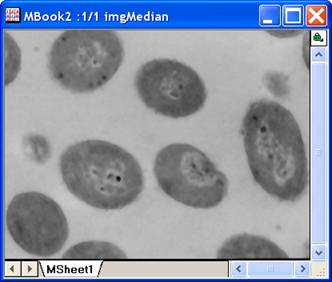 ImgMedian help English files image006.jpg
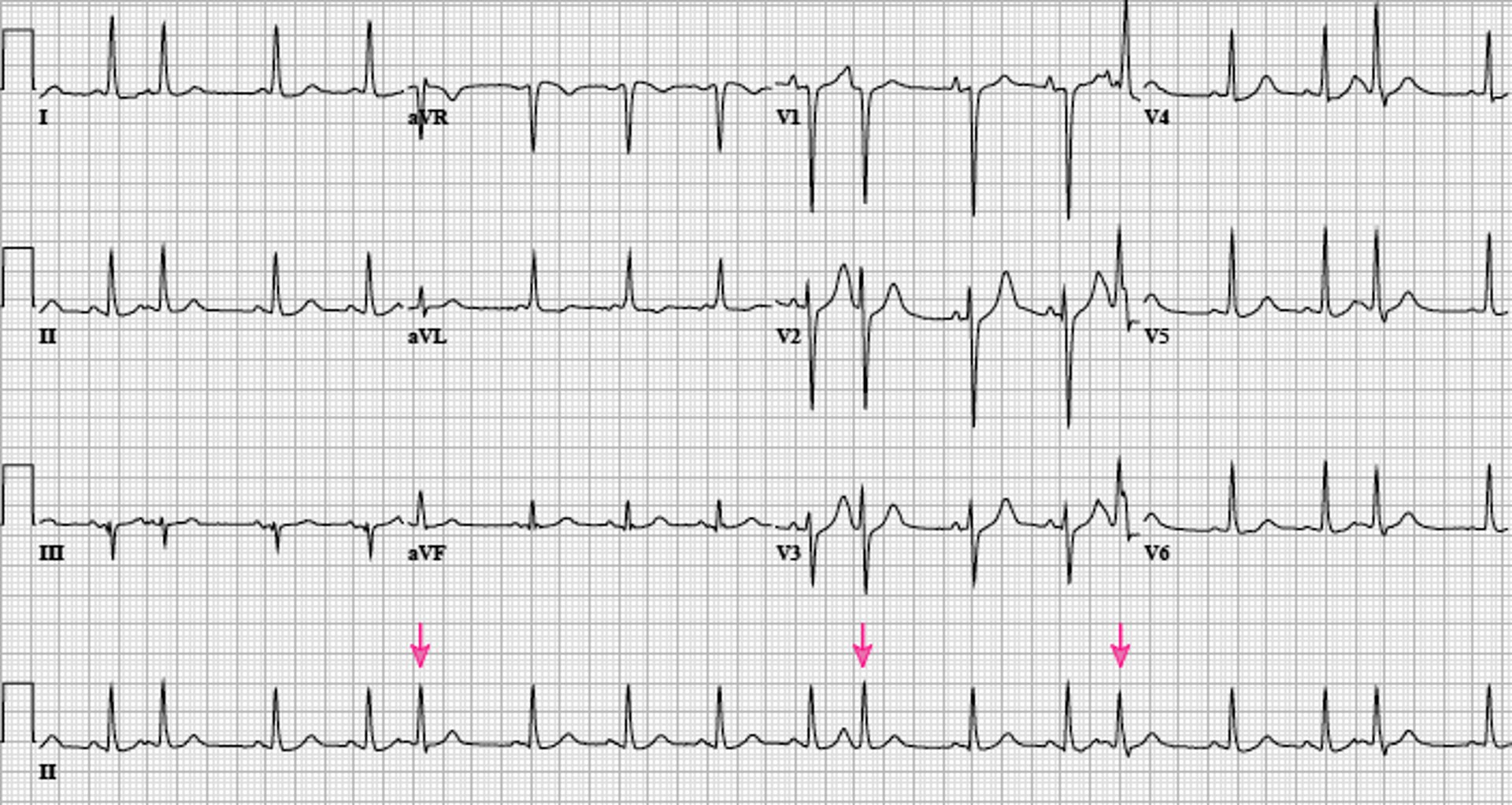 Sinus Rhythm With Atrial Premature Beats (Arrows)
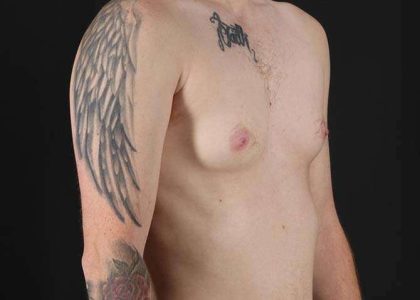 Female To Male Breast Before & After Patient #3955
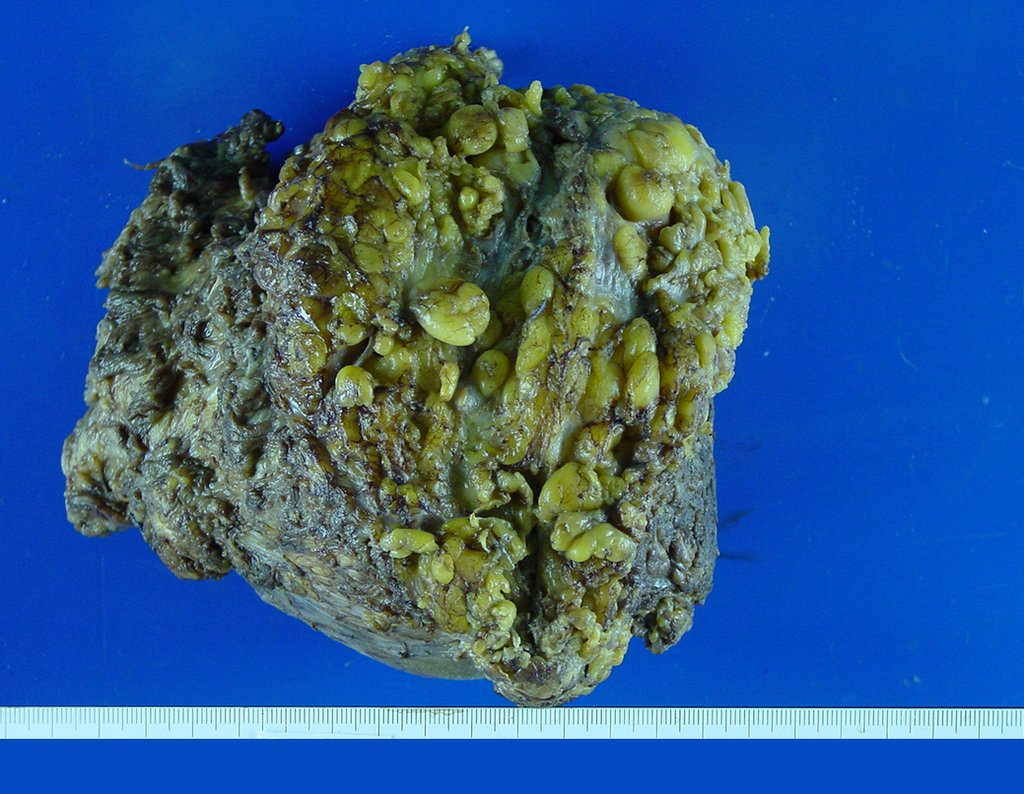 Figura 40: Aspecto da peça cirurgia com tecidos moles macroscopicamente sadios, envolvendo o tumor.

※

> [PROBLEM DESCRIPTION]:
Exclude the images and reproduce the remaining data exactly.

> [RESULT OF THIS EXERCISE]:
 ImgMedian help English files image006.jpg
 Sinus Rhythm With Atrial Premature Beats (Arrows)
 Female To Male Breast Before & After Patient #3955
 Figura 40: Aspecto da peça cirurgia com tecidos moles macroscopicamente sadios, envolvendo o tumor.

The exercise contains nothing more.